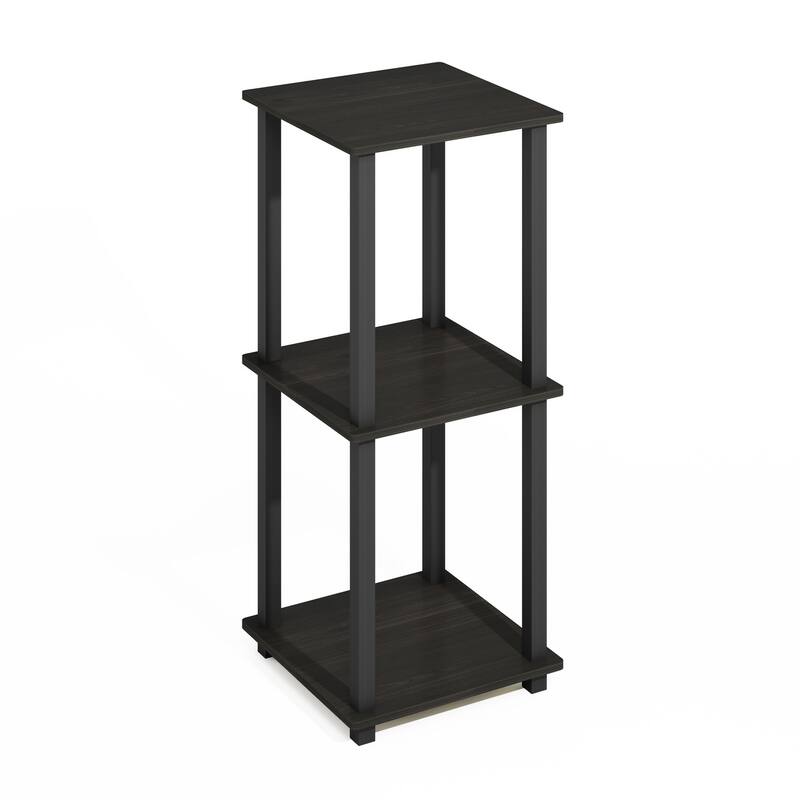 19.6 in. Tall Espresso/Black Wood 2-Shelf Bookcase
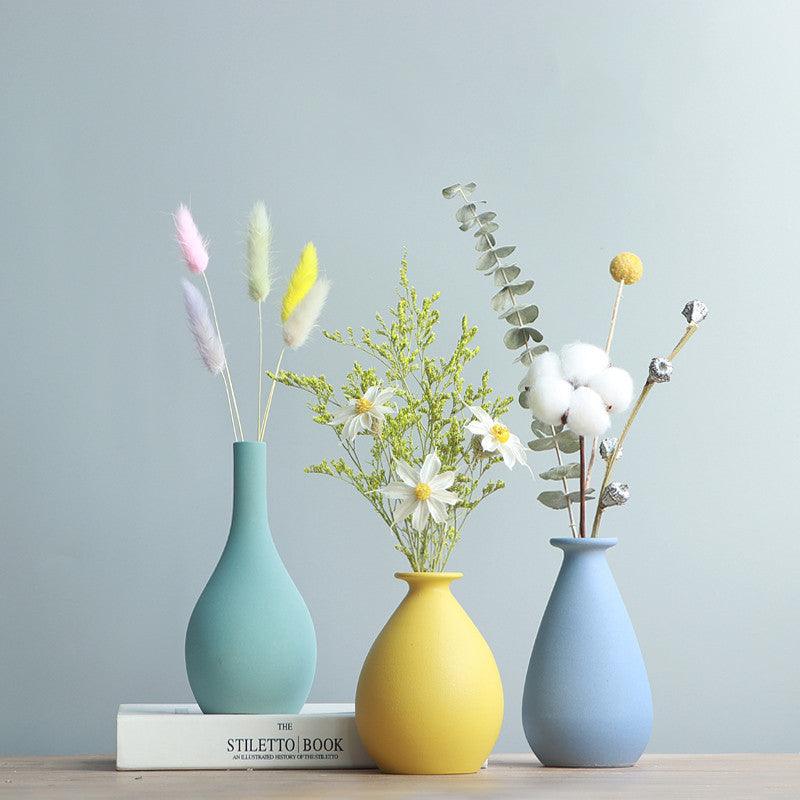 Creative Dry Vase Nordic Decoration Living Room Flower Arrangement Ceramic Small Vase Simple Modern Small Home Decoration - Pacisia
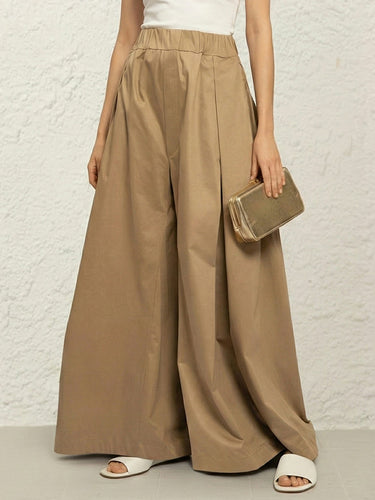 Elasticated Waist High Waisted Pleated Pockets Solid Color Pants
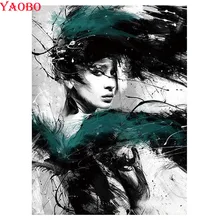 DIY алмазная живопись на заказ фото вышивка крестиком 5D рукодельные работы полный квадрат/Круглая Мозаика Алмазная вышивка абстрактная женщина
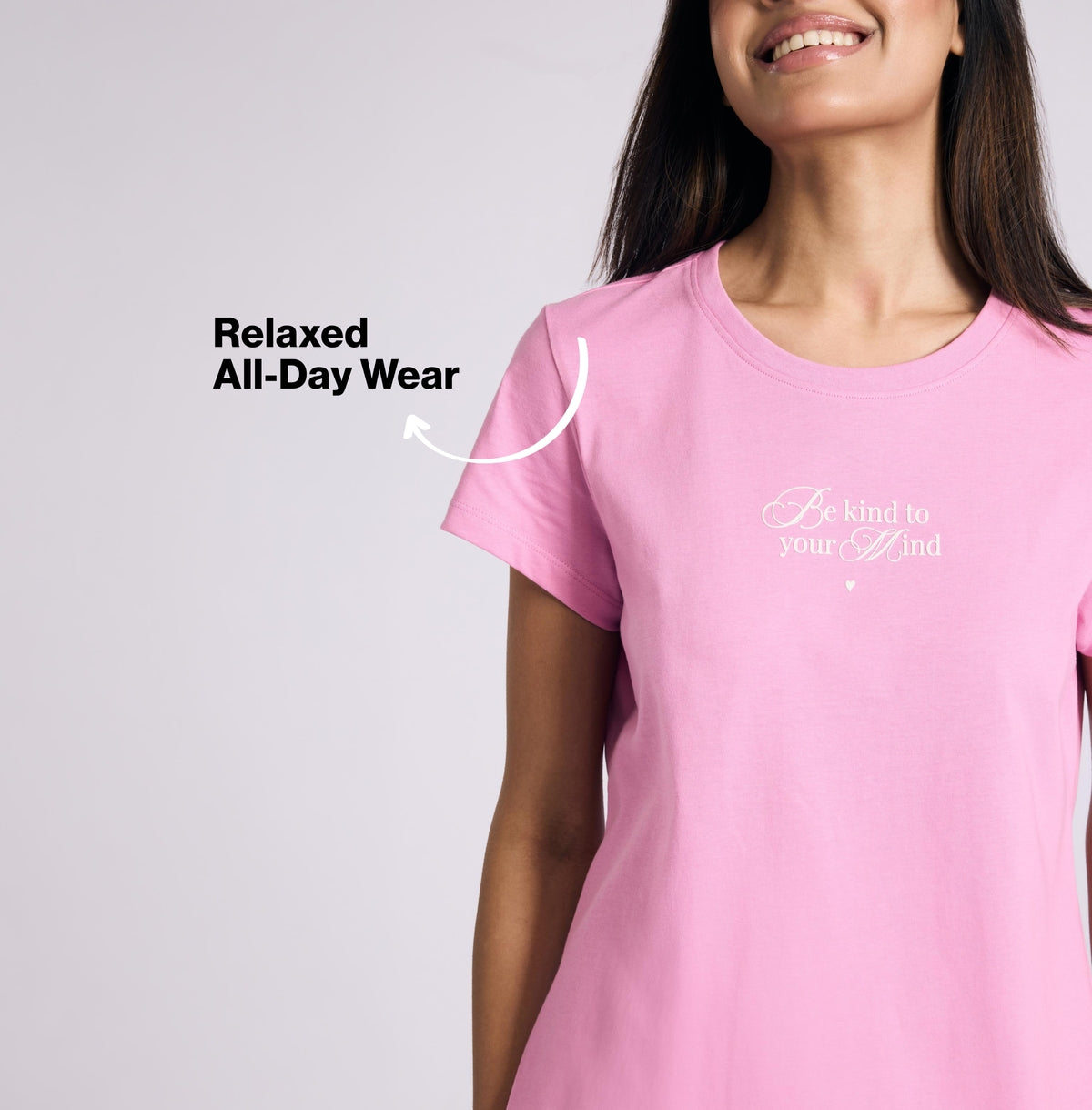 Nykd by Nykaa Essential Cotton Pyjama Coord Set With Crew Neck Cotton Knit Tee Nys943 Pink Seer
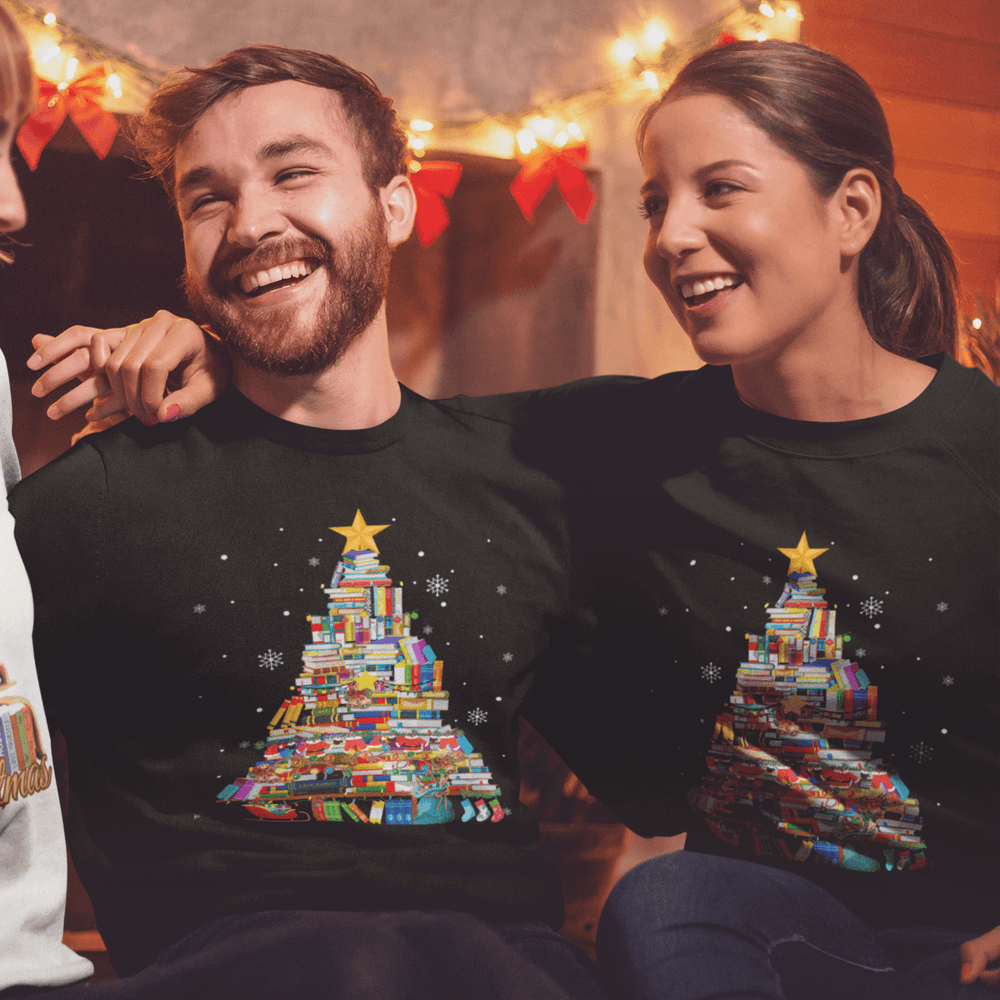 Merry Bookish Christmas Sweatshirt: Cozy Book Tree Sweatshirt Printify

> _BRIEF_: Give back, word for word, the lines from the one containing "Nykd by Nykaa" through the last line of the listing above; include both ends and exclude the pictures.

> _REPLY_:
 Nykd by Nykaa Essential Cotton Pyjama Coord Set With Crew Neck Cotton Knit Tee Nys943 Pink Seer
 Merry Bookish Christmas Sweatshirt: Cozy Book Tree Sweatshirt Printify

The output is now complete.